*WHAT THE TASK ASKS*. Nothing in the data may be altered; restate all of it exactly.

*DATA*.
▽

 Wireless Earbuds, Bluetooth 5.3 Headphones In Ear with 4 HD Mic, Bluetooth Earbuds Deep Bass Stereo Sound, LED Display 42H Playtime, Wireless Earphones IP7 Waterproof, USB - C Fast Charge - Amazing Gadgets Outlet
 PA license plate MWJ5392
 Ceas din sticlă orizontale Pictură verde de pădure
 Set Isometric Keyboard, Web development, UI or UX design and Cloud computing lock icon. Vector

△

*EXERCISE OUTPUT*.
 Wireless Earbuds, Bluetooth 5.3 Headphones In Ear with 4 HD Mic, Bluetooth Earbuds Deep Bass Stereo Sound, LED Display 42H Playtime, Wireless Earphones IP7 Waterproof, USB - C Fast Charge - Amazing Gadgets Outlet
 PA license plate MWJ5392
 Ceas din sticlă orizontale Pictură verde de pădure
 Set Isometric Keyboard, Web development, UI or UX design and Cloud computing lock icon. Vector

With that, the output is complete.